Die Lichter sind auf das Zentrum im Süden Spaniens gerichtet, das von einer sozial-kommunistischen Regierung geführt wird. Eine Regierung, die sich Kuba näher als Europa fühlt. Im Land der „Mileuristas“ - der so genannten „1000-Euro-Verdiener“ - wird das starke Gefälle durch ein wachsendes alternatives Gefühl vor den Europawahlen im Juni 2009 zusammengehalten.
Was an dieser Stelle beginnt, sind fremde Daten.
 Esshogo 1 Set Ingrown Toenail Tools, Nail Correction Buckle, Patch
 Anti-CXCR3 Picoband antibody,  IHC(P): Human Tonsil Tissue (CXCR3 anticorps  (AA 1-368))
Am 16. Mai feiert die “Solidaritäts-Bewegung Kuba” in Sevilla den 50. Jahrestag der kubanischen Revolution. Eine ähnliche Aktion gab es am 7. Mai in Großbritannien. Es wurden kubanische Postkarten an den Außenminister David Miliband geschickt. Für die Gegend um Sevilla existiert jedoch nur ihr Feiertag - der 16. Mai. Sozialisten und Kommunisten sind Teil der Regierung. Einige Städte haben sogar kommunistische Bürgermeister. Die Hauptstadt Spaniens hat dagegen eine konservative Regierung. Die vereinigte Linke (Izquierda Unida, IU) wurde von der kommunistischen Partei Spaniens gegründet. Sie trägt den gleichen Namen wir die europäische, stark links gerichtete Gruppe, die seit 1995 im EU-Parlament sitzt. Spaniens IU ist die dritte politische Kraft nach der spanischen Volkspartei Partido Popular (PP) und den Sozialisten (PSOE) mit 130 Mitgliedern in Sevilla und 78 in Malaga. „Es war schon sehr volkstümlich als die Kommunisten 2007 an die Macht kamen“, sagt der 31-jährige Miguel Lopez Adan von der Sevilla-Stiftung.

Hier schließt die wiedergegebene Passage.